What is needed -> Find the word "Ruffle" in the data, then copy each line where it is found.

•••••

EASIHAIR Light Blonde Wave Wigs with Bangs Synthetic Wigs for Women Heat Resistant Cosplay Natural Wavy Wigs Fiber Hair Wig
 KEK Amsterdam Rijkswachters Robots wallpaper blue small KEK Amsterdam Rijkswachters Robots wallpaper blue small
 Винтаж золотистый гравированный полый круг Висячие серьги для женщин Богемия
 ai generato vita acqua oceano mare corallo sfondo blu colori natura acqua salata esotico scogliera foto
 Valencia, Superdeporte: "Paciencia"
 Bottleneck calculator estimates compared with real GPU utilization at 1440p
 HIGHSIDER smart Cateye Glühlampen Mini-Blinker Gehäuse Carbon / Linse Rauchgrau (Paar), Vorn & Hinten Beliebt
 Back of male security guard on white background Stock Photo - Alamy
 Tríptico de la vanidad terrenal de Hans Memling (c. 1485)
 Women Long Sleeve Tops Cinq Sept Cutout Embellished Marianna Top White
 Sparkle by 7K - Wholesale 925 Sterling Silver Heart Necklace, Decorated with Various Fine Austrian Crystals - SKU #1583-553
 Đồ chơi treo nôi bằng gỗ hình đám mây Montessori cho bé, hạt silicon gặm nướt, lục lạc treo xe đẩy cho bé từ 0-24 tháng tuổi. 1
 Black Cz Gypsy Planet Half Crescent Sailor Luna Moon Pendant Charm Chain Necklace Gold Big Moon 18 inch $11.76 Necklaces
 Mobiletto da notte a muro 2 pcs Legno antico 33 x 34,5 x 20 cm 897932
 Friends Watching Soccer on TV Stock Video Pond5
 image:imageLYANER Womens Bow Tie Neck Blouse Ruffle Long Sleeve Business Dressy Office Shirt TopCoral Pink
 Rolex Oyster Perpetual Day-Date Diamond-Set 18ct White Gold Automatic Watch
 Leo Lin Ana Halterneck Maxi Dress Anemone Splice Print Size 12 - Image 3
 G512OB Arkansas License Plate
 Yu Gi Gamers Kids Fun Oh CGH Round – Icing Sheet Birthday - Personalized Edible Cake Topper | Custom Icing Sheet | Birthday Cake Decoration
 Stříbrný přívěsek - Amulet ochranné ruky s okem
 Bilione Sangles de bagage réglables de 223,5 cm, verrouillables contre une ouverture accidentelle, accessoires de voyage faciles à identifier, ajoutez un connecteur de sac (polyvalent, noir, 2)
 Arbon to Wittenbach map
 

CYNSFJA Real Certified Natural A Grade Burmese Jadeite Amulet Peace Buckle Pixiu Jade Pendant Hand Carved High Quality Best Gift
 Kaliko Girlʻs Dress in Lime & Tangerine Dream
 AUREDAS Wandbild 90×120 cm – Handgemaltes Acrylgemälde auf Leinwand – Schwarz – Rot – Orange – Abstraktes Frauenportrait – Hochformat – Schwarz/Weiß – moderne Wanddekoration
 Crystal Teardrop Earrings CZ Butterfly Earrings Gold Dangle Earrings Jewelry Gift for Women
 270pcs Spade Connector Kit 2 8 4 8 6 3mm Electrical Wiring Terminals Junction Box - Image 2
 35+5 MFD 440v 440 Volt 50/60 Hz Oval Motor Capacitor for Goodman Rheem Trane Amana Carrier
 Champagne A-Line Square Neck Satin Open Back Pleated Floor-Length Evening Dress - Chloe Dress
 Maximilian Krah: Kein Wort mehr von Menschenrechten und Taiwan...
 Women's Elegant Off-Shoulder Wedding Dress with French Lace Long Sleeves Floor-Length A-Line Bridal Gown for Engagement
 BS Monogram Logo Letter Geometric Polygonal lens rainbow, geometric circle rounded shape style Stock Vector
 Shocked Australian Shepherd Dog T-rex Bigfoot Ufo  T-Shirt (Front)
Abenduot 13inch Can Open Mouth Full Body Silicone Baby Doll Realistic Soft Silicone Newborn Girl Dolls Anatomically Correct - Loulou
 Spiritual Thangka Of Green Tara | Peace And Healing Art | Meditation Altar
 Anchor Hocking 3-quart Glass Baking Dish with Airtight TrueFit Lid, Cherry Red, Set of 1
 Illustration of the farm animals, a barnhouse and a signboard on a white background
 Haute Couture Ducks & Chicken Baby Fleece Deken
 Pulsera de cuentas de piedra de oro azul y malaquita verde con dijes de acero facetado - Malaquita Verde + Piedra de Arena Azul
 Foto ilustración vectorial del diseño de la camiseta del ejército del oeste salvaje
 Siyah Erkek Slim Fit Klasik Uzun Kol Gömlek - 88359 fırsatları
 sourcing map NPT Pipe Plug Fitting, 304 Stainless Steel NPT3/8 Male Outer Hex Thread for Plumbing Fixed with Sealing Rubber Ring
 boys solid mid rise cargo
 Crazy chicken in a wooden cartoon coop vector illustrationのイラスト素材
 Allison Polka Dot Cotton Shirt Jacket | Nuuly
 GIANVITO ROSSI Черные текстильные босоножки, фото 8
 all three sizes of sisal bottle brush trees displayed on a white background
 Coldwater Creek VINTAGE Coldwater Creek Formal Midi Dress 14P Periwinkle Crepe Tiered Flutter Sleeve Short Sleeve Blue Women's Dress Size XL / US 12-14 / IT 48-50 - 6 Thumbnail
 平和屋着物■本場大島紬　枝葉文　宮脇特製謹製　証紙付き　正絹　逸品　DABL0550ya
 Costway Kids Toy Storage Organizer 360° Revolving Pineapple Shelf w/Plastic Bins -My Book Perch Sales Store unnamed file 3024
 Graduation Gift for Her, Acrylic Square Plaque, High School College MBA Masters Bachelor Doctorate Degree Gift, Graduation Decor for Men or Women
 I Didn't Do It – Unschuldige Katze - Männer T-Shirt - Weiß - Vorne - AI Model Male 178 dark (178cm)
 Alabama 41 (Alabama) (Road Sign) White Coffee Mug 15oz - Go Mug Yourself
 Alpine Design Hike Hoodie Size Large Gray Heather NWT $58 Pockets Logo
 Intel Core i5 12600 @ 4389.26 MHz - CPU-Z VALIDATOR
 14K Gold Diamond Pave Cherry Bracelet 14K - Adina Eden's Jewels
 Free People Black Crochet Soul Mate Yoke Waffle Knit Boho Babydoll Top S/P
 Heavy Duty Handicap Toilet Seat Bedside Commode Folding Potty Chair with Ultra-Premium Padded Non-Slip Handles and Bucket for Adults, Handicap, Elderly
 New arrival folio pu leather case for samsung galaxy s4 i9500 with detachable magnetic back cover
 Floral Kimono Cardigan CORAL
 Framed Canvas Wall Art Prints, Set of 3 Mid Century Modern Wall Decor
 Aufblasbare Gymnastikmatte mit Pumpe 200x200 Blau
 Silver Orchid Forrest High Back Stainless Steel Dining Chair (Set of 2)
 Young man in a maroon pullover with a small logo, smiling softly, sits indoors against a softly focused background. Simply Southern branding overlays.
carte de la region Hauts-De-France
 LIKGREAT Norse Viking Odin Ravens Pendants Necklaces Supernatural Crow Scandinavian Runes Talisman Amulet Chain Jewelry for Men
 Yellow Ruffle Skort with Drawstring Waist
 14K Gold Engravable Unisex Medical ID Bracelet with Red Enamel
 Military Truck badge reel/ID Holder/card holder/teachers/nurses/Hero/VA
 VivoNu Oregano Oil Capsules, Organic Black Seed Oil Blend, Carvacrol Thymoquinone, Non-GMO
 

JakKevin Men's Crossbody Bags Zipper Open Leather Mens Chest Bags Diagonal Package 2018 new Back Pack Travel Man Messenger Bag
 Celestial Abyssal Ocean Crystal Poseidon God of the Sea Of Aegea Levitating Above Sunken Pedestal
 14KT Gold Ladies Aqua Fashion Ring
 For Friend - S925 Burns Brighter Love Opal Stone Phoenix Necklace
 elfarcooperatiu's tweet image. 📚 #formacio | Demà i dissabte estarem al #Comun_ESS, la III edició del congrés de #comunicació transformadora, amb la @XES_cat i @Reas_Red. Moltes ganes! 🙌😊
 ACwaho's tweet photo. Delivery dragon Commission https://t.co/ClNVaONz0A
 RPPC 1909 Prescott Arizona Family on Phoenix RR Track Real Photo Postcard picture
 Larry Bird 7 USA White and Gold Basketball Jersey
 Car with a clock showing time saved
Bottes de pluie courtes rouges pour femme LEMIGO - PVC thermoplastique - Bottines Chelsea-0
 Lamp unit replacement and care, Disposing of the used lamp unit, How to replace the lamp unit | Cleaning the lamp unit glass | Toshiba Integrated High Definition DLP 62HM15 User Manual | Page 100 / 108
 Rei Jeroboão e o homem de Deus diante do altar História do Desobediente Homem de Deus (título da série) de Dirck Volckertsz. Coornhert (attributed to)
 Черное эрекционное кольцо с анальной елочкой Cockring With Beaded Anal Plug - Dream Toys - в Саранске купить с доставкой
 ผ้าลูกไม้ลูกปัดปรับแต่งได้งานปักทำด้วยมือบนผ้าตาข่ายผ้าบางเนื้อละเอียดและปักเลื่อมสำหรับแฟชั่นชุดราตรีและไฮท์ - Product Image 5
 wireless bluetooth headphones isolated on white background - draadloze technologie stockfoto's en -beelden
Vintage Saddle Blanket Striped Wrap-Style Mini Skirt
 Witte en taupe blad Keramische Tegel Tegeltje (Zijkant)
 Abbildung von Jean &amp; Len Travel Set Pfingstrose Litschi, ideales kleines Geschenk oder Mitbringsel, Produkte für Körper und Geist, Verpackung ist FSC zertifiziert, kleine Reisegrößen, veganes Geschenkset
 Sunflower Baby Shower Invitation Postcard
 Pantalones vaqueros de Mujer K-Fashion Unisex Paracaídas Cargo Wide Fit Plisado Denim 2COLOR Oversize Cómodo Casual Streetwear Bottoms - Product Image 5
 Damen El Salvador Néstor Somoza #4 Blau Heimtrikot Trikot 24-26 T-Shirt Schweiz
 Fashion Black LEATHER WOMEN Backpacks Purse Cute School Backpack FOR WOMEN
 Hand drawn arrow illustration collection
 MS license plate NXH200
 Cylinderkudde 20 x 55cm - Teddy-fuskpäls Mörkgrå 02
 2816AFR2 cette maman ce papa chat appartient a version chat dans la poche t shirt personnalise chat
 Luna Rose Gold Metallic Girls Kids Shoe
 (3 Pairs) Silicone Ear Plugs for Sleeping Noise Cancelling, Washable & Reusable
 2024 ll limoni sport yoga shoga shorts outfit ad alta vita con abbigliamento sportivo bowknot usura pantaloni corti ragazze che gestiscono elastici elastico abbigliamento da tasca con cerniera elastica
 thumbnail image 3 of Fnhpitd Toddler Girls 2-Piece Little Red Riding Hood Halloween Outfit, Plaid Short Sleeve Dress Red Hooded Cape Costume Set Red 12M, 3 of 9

•••••

Solution to the exercise ->
 image:imageLYANER Womens Bow Tie Neck Blouse Ruffle Long Sleeve Business Dressy Office Shirt TopCoral Pink
 Yellow Ruffle Skort with Drawstring Waist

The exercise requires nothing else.